## Goal of the exercise
Copy out precisely the lines from the start of the data through the line with "Xətaidəki yanğınla bağlı", and keep pictures out of it.

......

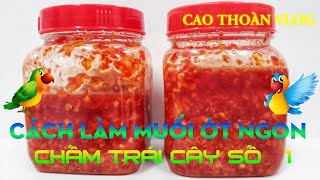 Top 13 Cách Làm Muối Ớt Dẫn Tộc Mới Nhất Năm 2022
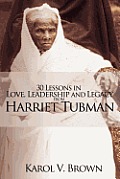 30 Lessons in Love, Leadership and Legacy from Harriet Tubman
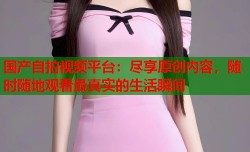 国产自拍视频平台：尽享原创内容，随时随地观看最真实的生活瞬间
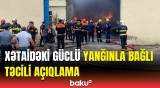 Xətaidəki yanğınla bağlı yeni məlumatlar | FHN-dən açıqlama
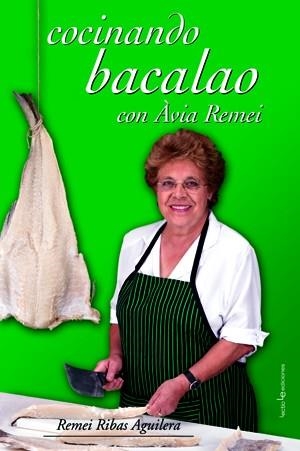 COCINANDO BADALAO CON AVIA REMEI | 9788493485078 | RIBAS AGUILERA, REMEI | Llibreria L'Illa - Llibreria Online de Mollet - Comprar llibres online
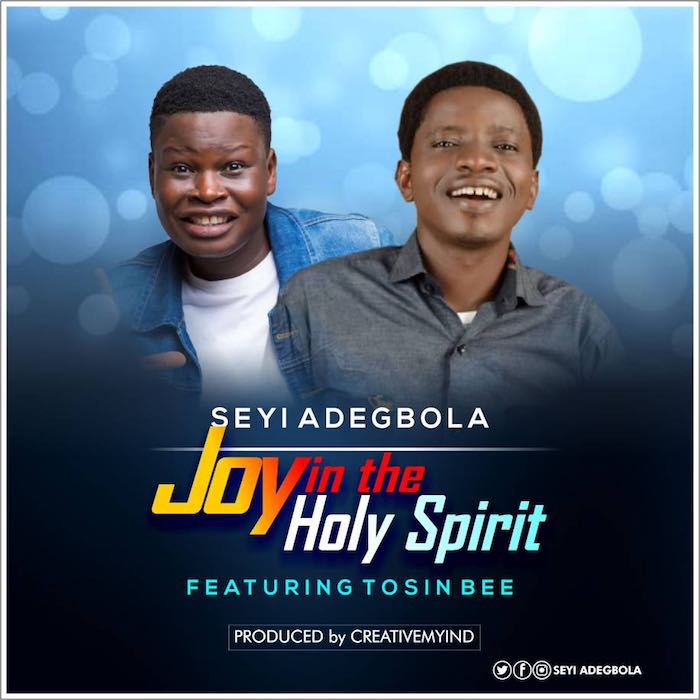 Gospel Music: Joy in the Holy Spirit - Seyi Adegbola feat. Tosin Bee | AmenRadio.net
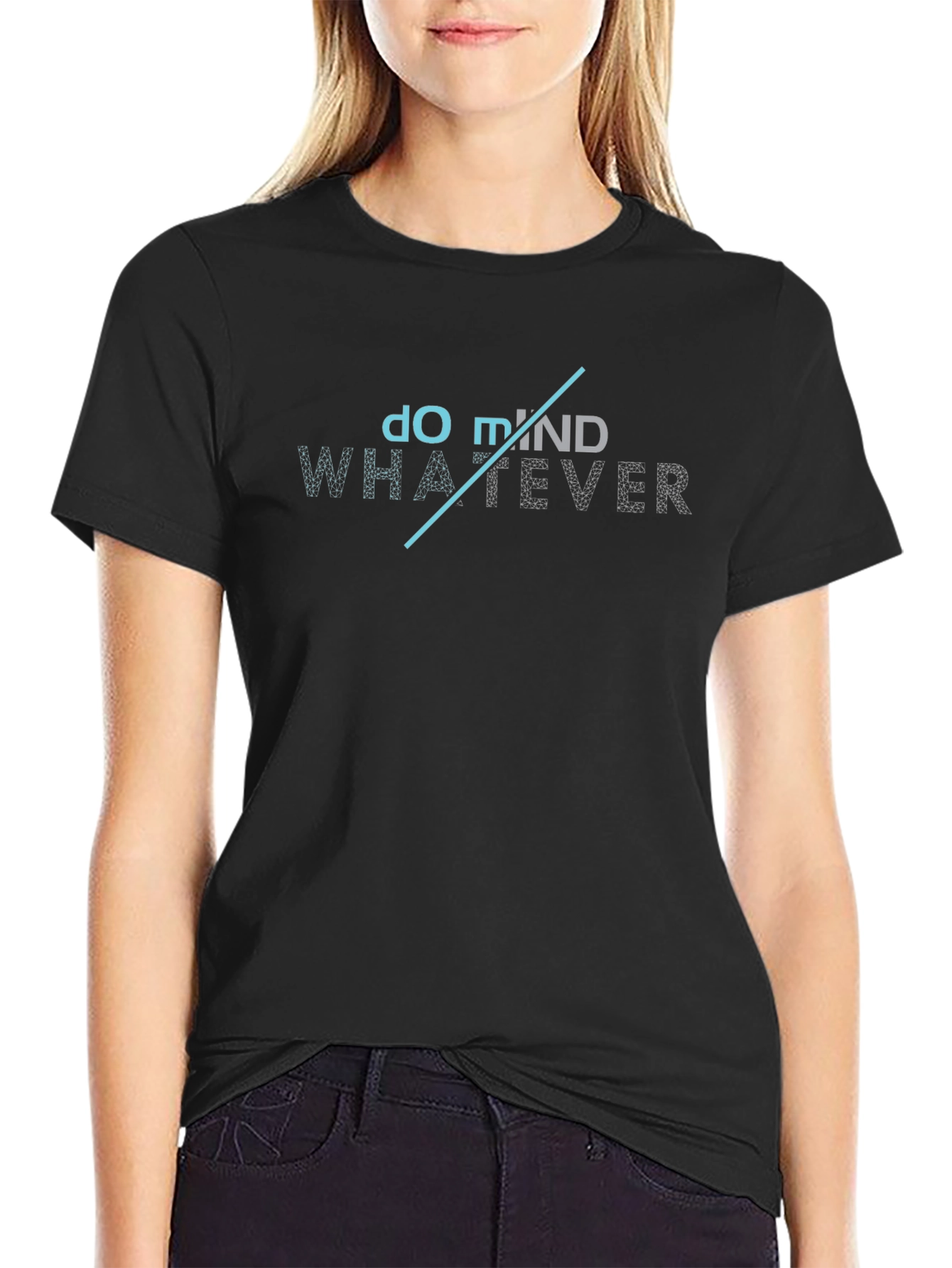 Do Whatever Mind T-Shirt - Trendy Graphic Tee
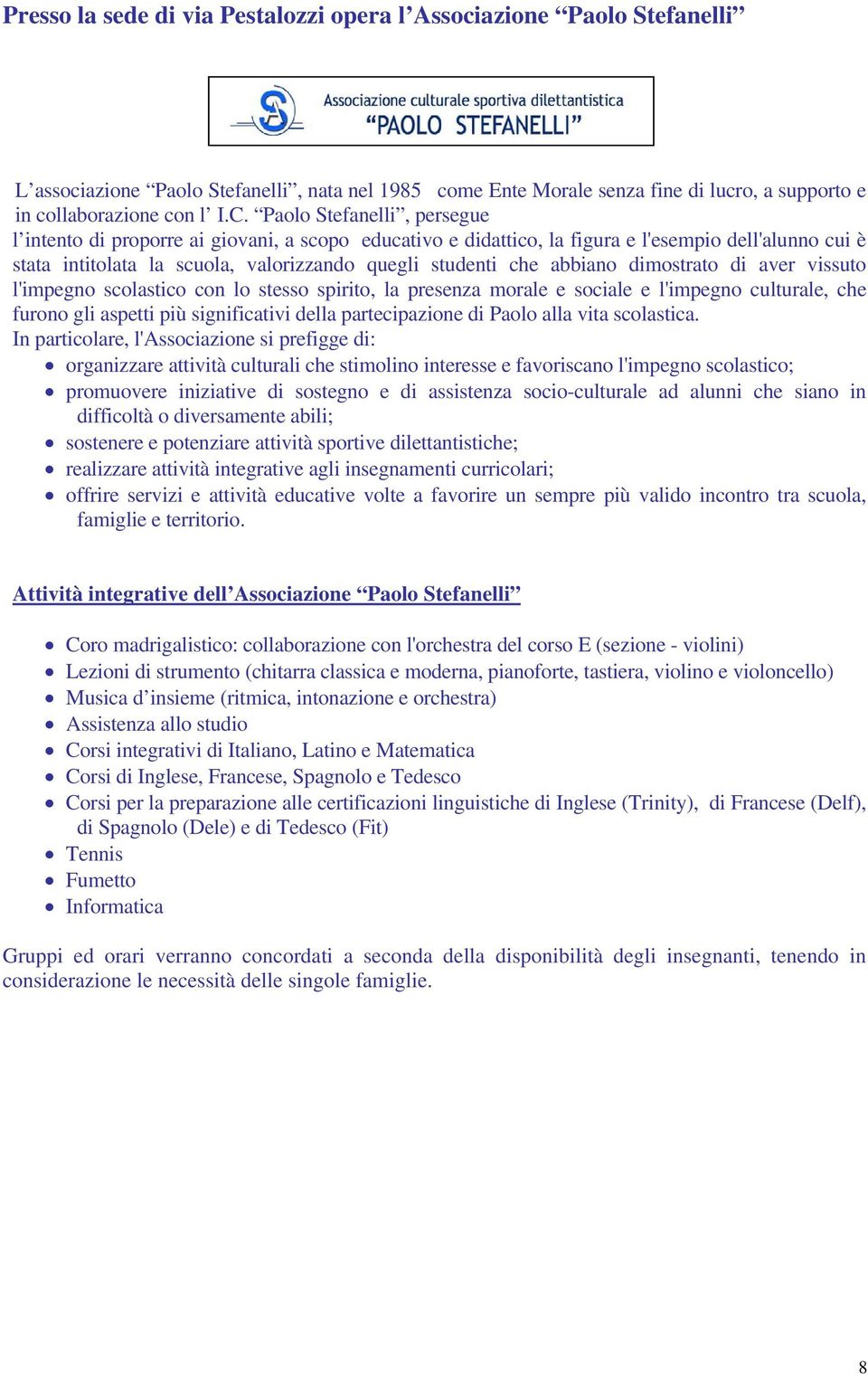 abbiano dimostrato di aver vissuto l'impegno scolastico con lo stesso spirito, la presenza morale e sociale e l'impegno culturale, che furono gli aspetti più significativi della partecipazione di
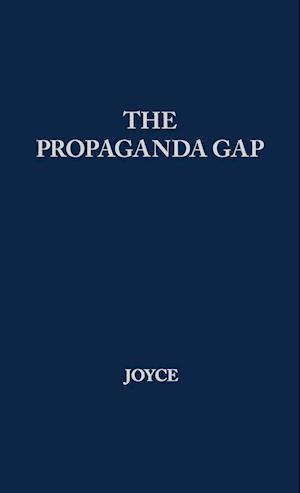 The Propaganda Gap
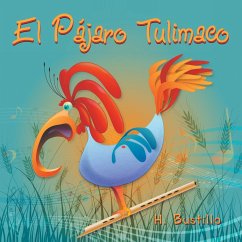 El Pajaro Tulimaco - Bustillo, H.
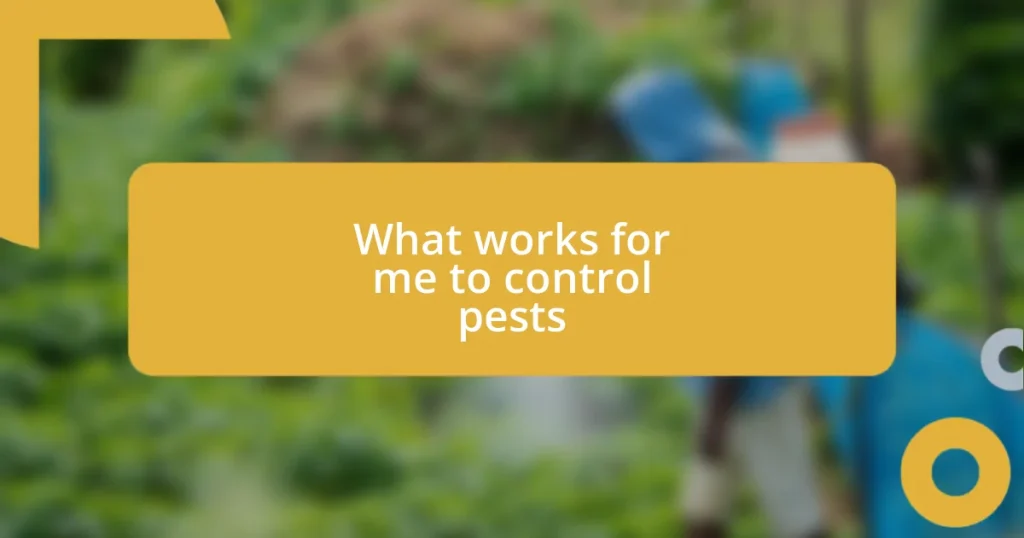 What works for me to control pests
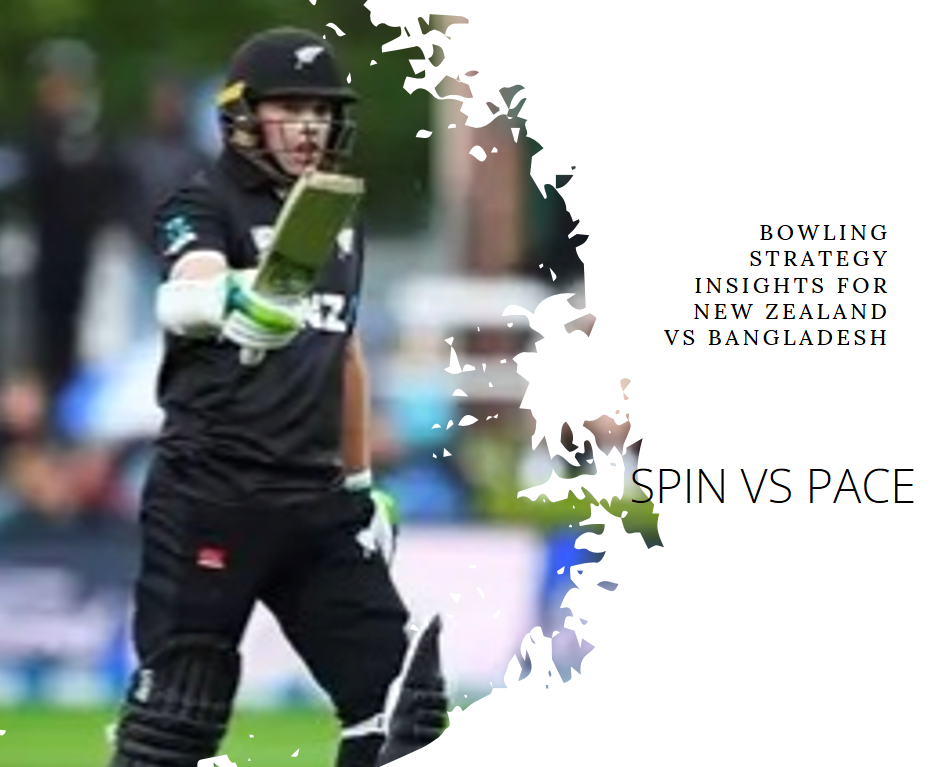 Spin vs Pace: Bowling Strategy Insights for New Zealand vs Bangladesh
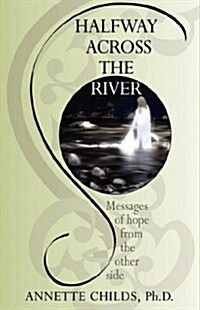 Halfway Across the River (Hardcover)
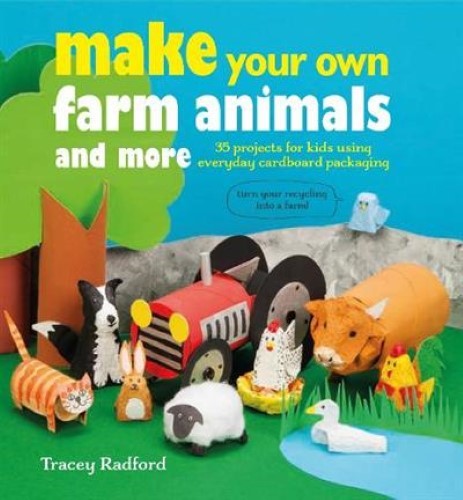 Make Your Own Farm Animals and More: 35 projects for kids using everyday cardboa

......

## Response to this exercise
 Top 13 Cách Làm Muối Ớt Dẫn Tộc Mới Nhất Năm 2022
 30 Lessons in Love, Leadership and Legacy from Harriet Tubman
 国产自拍视频平台：尽享原创内容，随时随地观看最真实的生活瞬间
 Xətaidəki yanğınla bağlı yeni məlumatlar | FHN-dən açıqlama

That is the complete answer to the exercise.